The Geospatial Commission, a government agency set up in 2018 to develop the UK’s location data as a national asset, this week provided an update on its progress to date. The Commission shared how the NHS has been using geospatial data to tackle Covid-19, while Northumbrian Water Group explained how a registry of underground assets is helping it cut maintenance costs and avoid accidents.

The Commission also provided new guidance on the ethics of using geospatial data, and warned that the public’s trust must be earned for its full economic value to be realised.

The UK’s Geospatial Commission aims to create ‘a coherent national location data framework’ by 2025. (Photo by da-kuk/iStock)

What is geospatial data?

Also known as “location data”, geospatial data describes the physical location of an object, person or place. It comes in various forms, such as ‘foundational geospatial data’, which can be used by multiple parties to map natural and manmade geographic features, and ‘identifiers’, which describe the location of specific assets.

In 2020, the UK government announced a strategy to “unlock the power of location data” by creating “a coherent national location data framework” by 2025.

“Valuable data that currently sits locked in silos will be easy to access and combine securely to create new insights, new services and new businesses that are almost unimaginable today,” the strategy asserted. “Innovation across the economy made possible by better location data, skills and tools will help drive economic stability and national productivity.”

This week, the Geospatial Commission provided a progress update for this strategy. Key achievements to date include an assessment of how accessible the UK’s geospatial data assets are, various initiatives to promote the use of location data to optimise transport, and the launch of the National Land Data Programme, a project to use data to inform planning decisions.

Location data has been instrumental in the fight against Covid-19, the Commission said, allowing the NHS to track the spread of the disease, predict outbreaks, and identify services that are nearest to affected communities.

Geospatial data also underpinned the NHS Volunteer Responders service, which was used to assign 2.2 million tasks to 200,000 volunteers in the early part of the pandemic. The platform is now being used to coordinate vaccinations.

Rolling out the National Underground Asset Register

The Commission’s priorities for next year include the roll-out of the National Underground Asset Register (NUAR), a “digital map of underground pipes and cables” in the UK. One aim of NUAR is to reduce accidental damage to underground utilities infrastructure caused when digging holes to perform maintenance, which costs an estimated £2.4bn a year.

Speaking at the launch of the Commission’s progress report, Heidi Mottram, chief executive of Northumbrian Water Group, explained how the company is using NUAR to plan maintenance. The risk of accidental damage is especially high for water companies, she said, because water pipes often sit below other pipes and cables.

In the past, data on underground assets has been hard to come by, Mottram explained. Although asset owners are legally obliged to share information on where their underground assets are located, this data was often provided in a variety of formats and so hard to integrate. And some utility companies were reluctant to share their data, Mottram added.

The NUAR follows a federated data model, meaning that the asset owners control the data about their assets. “The fact that this asset register works in a federated way, so nobody has to give over their information permanently… was the big, big breakthrough,” Mottram said.

So far, 35 organisations have signed a data distribution agreement with NUAR, meaning their data can be shared on the platform, while 119 have signed agreements that allow the NUAR team to inspect their data without it being shared on the live platform.

Lisa Allen, head of consultancy for data programmes at the Open Data Institute, told Tech Monitor that the non-profit advisory welcomes the national roll-out of NUAR, but hopes it can find new business models that encourage data sharing.

Allen added that there is still work to be done in unlocking the UK’s geospatial data assets. “We would also like to see other datasets unlocked, for example address data, which is a key part of the UK’s data infrastructure that has yet to be taken forward.”

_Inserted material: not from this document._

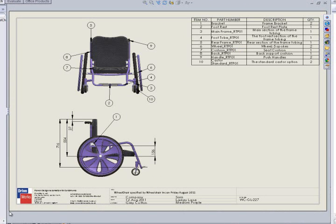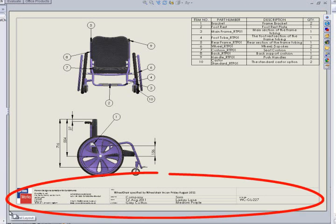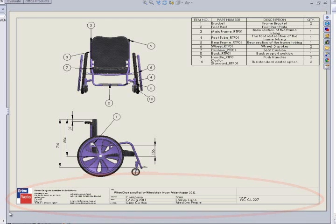The borders have been populated with the information that was entered on the form, such as the company name, the company contact, their address, the color of the frame, the material of the cushion, and the date at which the specification was complete.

The ethics of geospatial data

The Geospatial Commission also unveiled a new report on the ethics of location data. “Users of location data must be transparent, and the benefits delivered must be clearly stated and adhered to,” explained Edwina Dunn OBE, commissioner of the Geospatial Commission, in her foreword to the report. “This will help government and industry to win the hearts and minds of those sharing their location data – building long-term trust and support from the UK public.”

The report, entitled ‘Building public confidence in location data‘, advises organisations handling geospatial data to focus on accountability, bias and clarity. But it observes that doing so is becoming harder as geospatial technology advances. For example, location data is increasingly available in real time; sensors providing geospatial data are proliferating; and machine learning and AI are being used to process and analyse it.

Each of these trends increases the risk of ethical breaches, the Commission warned. “The impact of poor data management or bias may be magnified because of the speed and automation of decision making. Increased automation may mean poor data management and that bias is harder to spot. And faster, more prolific, and more automated use of data means there is more data use to explain, and the use is more complicated, so clarity for data subjects is harder to realise without conscious effort.”